Non-spherical minimizers in the generalized liquid drop model for Yukawa and truncated Coulomb potentials
Lia Bronsard, Benoît Merlet, Marc Pegon
TL;DR
This work shows that screening in three-dimensional generalized liquid drop models can destroy the Gamow conjecture, producing non-spherical minimizers for both truncated Coulomb and Yukawa potentials. A key technical contribution is a slicing formula that reduces nonlocal interactions to 1D slice energies, enabling precise comparisons of energy per mass between balls and infinite cylinders. The authors prove non-sphericity by establishing regimes where the cylinder’s energy per mass is strictly smaller than that of a ball, with explicit parameter ranges (e.g., κ≈1.1 for truncated Coulomb and κ≈0.56 for Yukawa). In contrast, the unscreened Riesz case remains consistent with the conjecture, though the energy per mass of balls and cylinders is strikingly close, highlighting the delicate balance between geometry and long-range interactions in these models.
Abstract
We investigate generalized liquid drop models with screened Riesz-type interactions, focusing in particular on truncated Coulomb and Yukawa potentials in three dimensions.

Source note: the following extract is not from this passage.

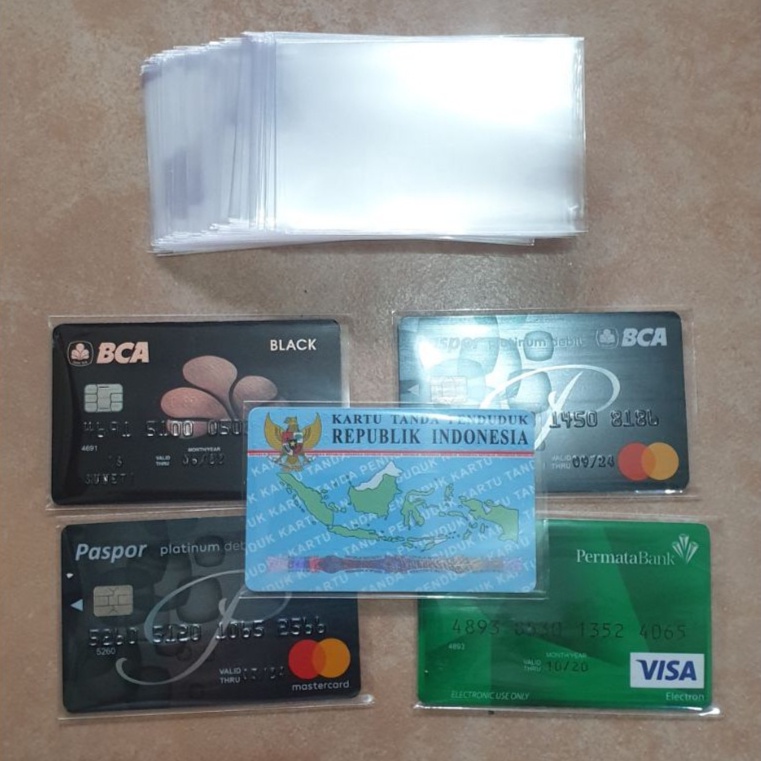 Plastik pelindung ATM / SIM / KTP / Kartu Nama Cover pelindung card on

While the classical Gamow model with Coulomb interaction is conjectured to admit only spherical minimizers below a critical mass and no minimizer above, we show that this conjecture fails if the interaction is screened. In the case of truncated Coulomb and Yukawa potentials, we establish the existence of non-spherical minimizers for some values of the screening parameter. This gives the first evidence of such minimizers in the class of repulsive, radial, and radially nonincreasing kernels in three dimensions. Our approach relies on a comparison of the energy-per-mass ratios of balls and cylinders, in contrast with recent two-dimensional results obtained via $Γ$-convergence. We further show that in the unscreened Riesz case, the conjecture remains consistent, though delicate. Indeed we observe that the energy-per-mass ratios of balls and of cylinders are surprisingly close.